## Work instruction
Restate each line below word for word, skipping every picture.

## Given data
[Start of section]

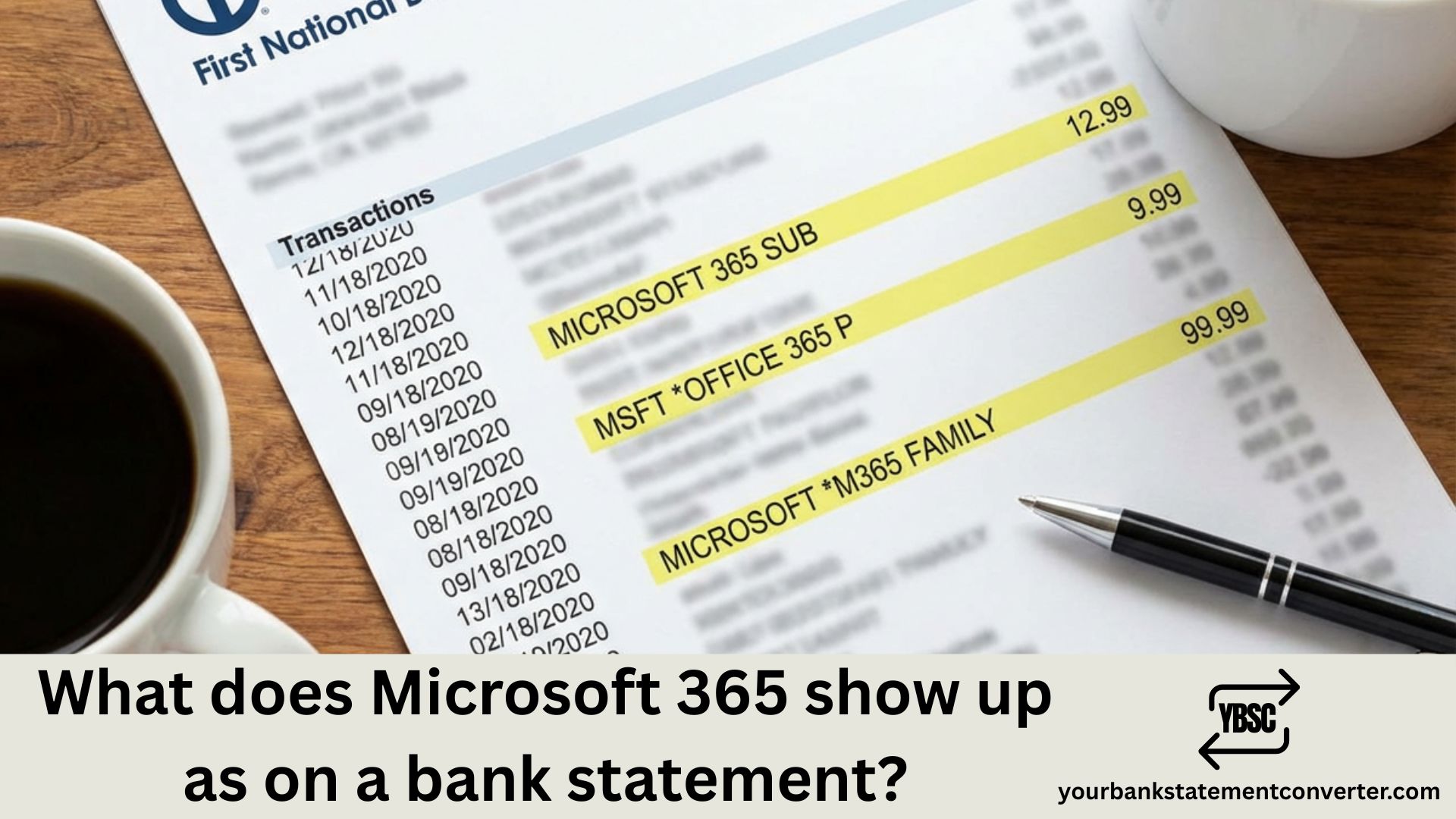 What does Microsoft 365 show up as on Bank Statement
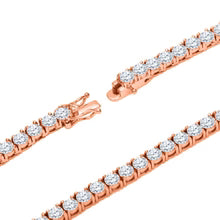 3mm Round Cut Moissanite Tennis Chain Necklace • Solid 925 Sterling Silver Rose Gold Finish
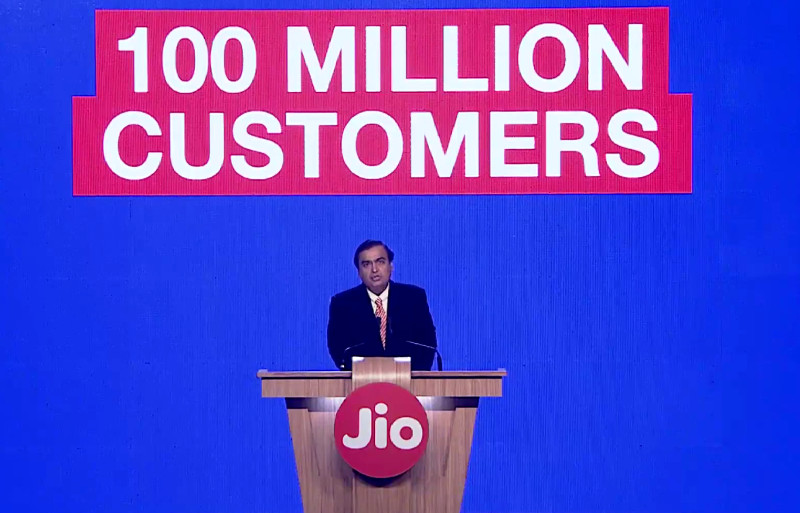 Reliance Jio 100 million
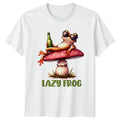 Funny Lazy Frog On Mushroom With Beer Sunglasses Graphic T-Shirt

[End of section]

## Exercise result
 What does Microsoft 365 show up as on Bank Statement
 3mm Round Cut Moissanite Tennis Chain Necklace • Solid 925 Sterling Silver Rose Gold Finish
 Reliance Jio 100 million
 Funny Lazy Frog On Mushroom With Beer Sunglasses Graphic T-Shirt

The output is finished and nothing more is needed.